Lets see the the P-38 was removed from service in Europe because it was expensive to maintain and the mean hours between failure for the Engines and some of the other components that made it hard to maintain in England. Add in that the P-47, P-40, P-51 and the Beaufighter were already in the USAAF supply stream for Europe, so to simplify as the P-38 wasn't the end all in fighters against the Me-109 and FW-190's. So they were slowly removed from service in places like England. It was still used for a while in the Italian area of operations before it too was replaced by the P-47 and P-51 for the most part. That was one of the reasons it thrived over in the Pacific, is that most of the supply streams were still being developed so it was easier to start one going from San Fran to Hawaii to Oz to NG or the 'Canal was because there weren't already a number of competing supply streams as it was. Add in the fact that for a number of the units that were in the Pacific for the first 18 months were units trying to hold the line (the P-400, P-39, P-40) it was easier to phase those units as and start up the P-38.
As to the Bf-110, remember for a while there was in everyone's thinking two (or even three) different types of fighters in the air force inventory. Pursit planes which would engage other fighters and light bombers, heavy fighters/interceptors which would engage the bombers and then was the question of should interceptors be a seperate category by themselves. Anyhow, the Bf-110 when bought was going to be something like the Boulton Paul Defiant was thought of, in that a plane which would be able to have the range to intercept enemy bombers far enough from the target to allow most of them to be downed by both the forwrad firing guns and if needed the rear gun. However, during the build process like a number of aircraft have seen, the German high command of the Luftwaffe changed the specs from just being a fighter to being a fighter bomber with certain other aspects to it the contract change. Which adding the equipment to give the airplane the ability to deliver bombs and perform dive bombing adversely affected its weight and adversely affected its manuverability and speed.
The Mosquito was adapted to a fighter from the successful bomber and did well in this course.
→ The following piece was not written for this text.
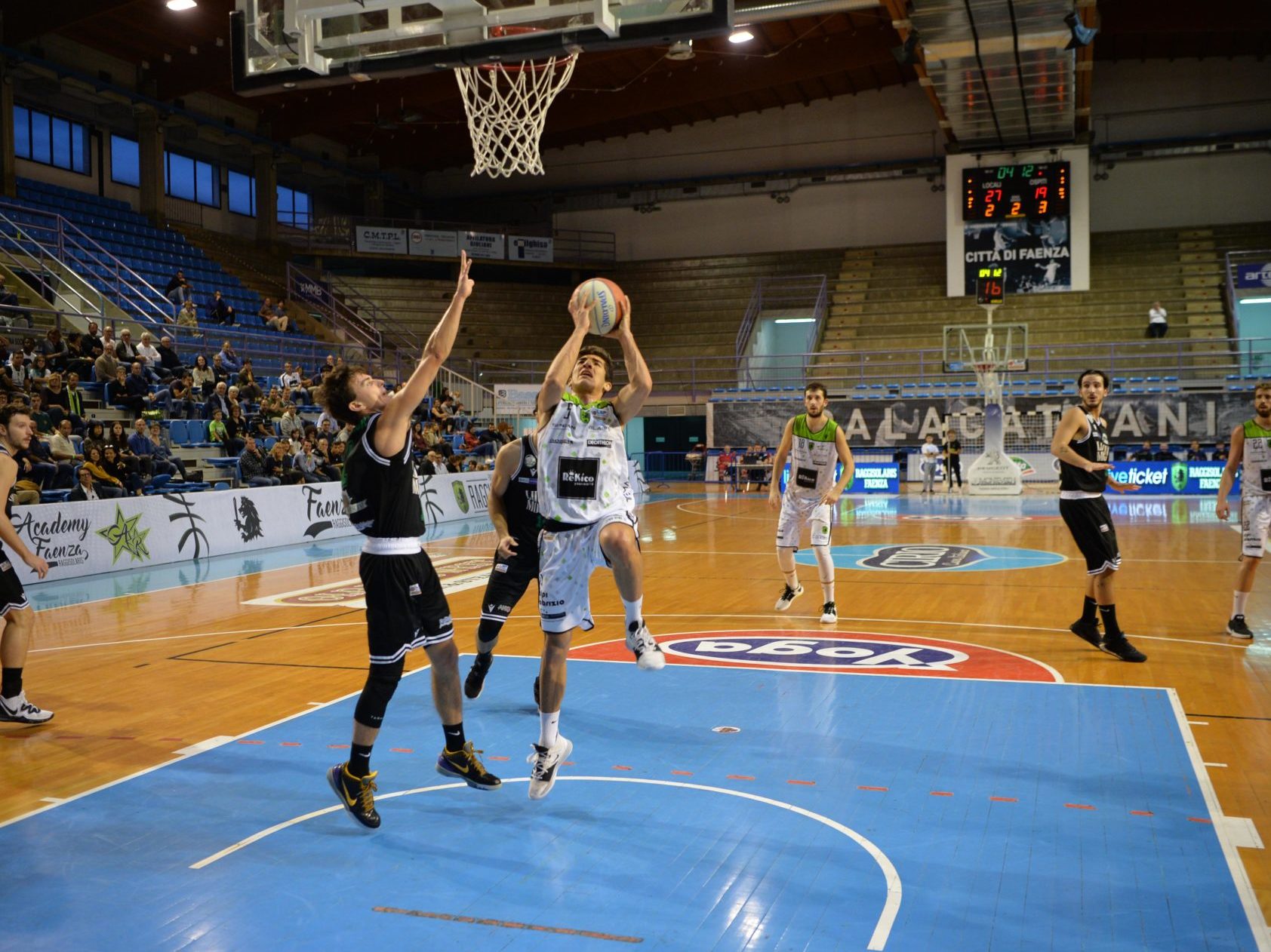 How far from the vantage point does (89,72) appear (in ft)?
89.1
Its ultimate evolution was the Hornet aircraft which very successful in the post war period between the demise of the prop engine and the introduction of reliable jet engines. Beyond that I really think that the Beaufighter was a successful twin engine fighter in the Commonwealth Air Forces. It did yeoman's duty in all theaters and did it well, whether it was battling German patrol aircraft over the Norwegian seas or down along the Channel protecting the various inter-coastal supply convoys from both surface and air attack. In the Pacific, it did wonders in SE Asia and when introduced in the SWPAC region they finally had a fighter which could escort all the way from PM to Rabual and back or further in some cases.
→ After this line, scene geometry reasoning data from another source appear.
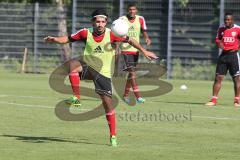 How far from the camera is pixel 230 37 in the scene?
20.1 metres

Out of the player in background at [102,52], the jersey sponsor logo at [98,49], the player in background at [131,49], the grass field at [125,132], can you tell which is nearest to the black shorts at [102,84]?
the player in background at [102,52]

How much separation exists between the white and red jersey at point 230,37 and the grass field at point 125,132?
5.17ft

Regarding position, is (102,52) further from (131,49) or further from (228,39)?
(131,49)

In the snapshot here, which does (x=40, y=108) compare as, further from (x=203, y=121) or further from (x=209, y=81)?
(x=209, y=81)

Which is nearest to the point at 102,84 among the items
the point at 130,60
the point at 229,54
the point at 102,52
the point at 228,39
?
the point at 102,52

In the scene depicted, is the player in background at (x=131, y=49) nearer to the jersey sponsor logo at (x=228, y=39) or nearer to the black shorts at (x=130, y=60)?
the black shorts at (x=130, y=60)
The US had the P-38 already talked about, but then we had the XF5F which didn't provide the performance promised. Then there was the YFM-1 which sucked The P-61, P-70, Beaufighter, P-82, F7F as it for twin engine fighters before the whole idea was dropped with the arrival of Jet engines and the early ones having the requirement of twin engines due to questions about reliability.
A lot of what killed the early twin engine fighters was the engines and the mission creep that was added to the aircraft. The pre-war engines were just not being successful and delievery of the performance as envisioned by the engineers designing some of these aircraft. If we again add in mission creep, that is an aircraft is designed for one mission but someone wants to add another mission. Whether that is being a level bomber or a search asset or what. To add some of the extra equipment, even if it isn't installed all the time, adds weight and puts a drain on the performance of the engine. Bad Performance of the engine leads to bad aircraft in certain situations.
Take my word for it. You never want to be involved in an “International Incident”.